== ACTION ITEM ==
Begin your copy at the line with "X0000091860773200710031700" in the records below and end it at the line with "Afbeelding 1 van 1", restating each line word for word; omit the pictures.

== INPUT FOR THIS TASK ==
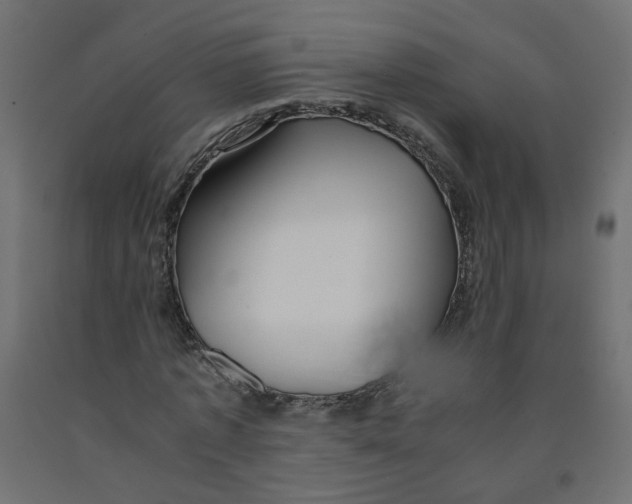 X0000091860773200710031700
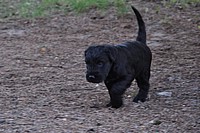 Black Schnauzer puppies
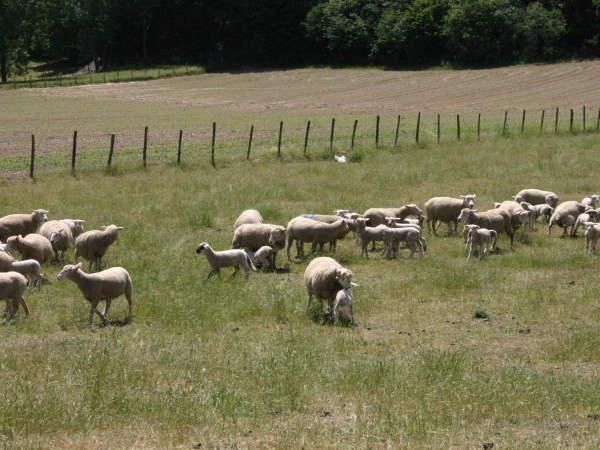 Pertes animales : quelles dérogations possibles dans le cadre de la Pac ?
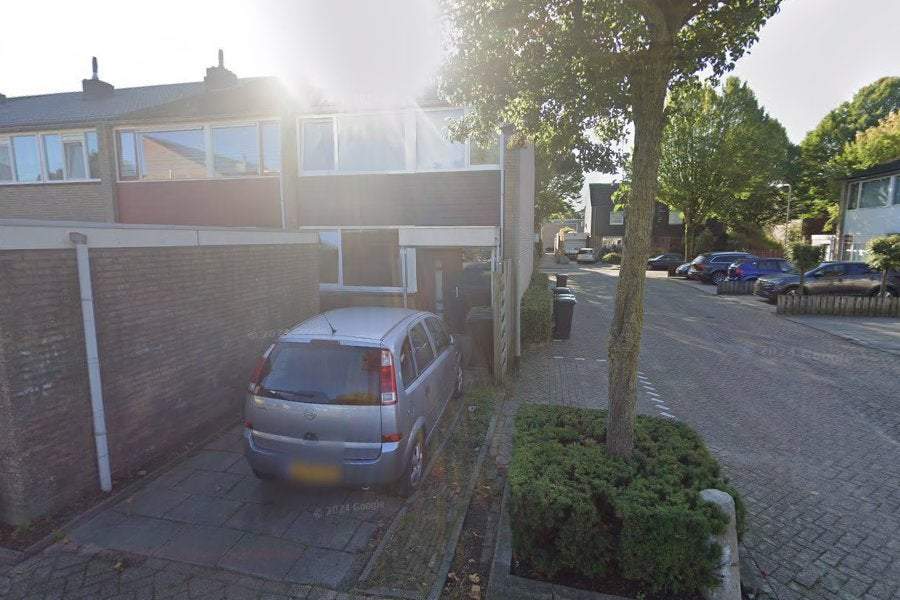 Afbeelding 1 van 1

---

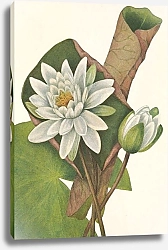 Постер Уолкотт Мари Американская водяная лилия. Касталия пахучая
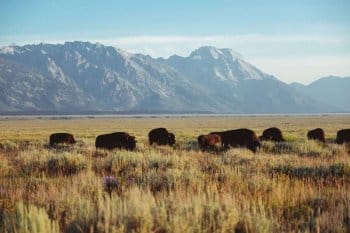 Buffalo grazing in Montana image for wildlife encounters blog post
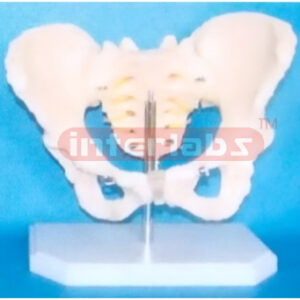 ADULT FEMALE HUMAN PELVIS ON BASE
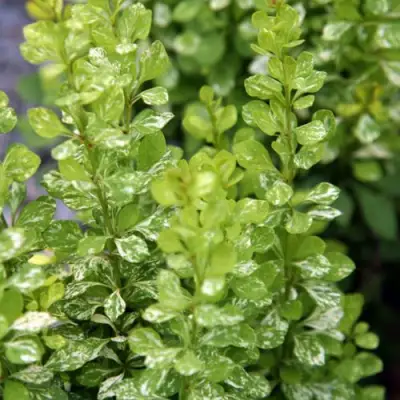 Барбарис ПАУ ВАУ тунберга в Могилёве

* * *

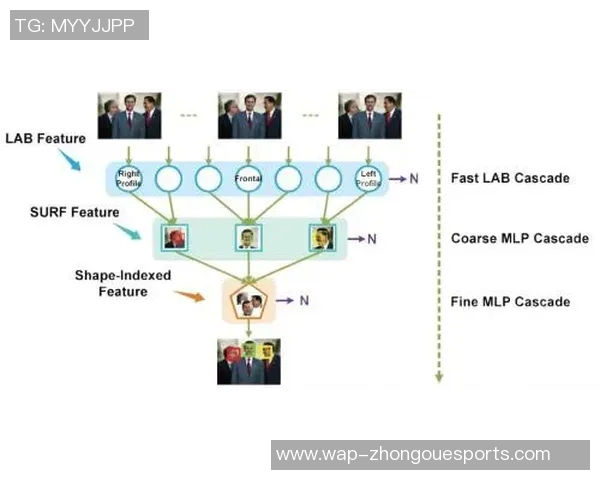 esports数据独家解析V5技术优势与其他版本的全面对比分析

== TASK SOLUTION ==
 X0000091860773200710031700
 Black Schnauzer puppies
 Pertes animales : quelles dérogations possibles dans le cadre de la Pac ?
 Afbeelding 1 van 1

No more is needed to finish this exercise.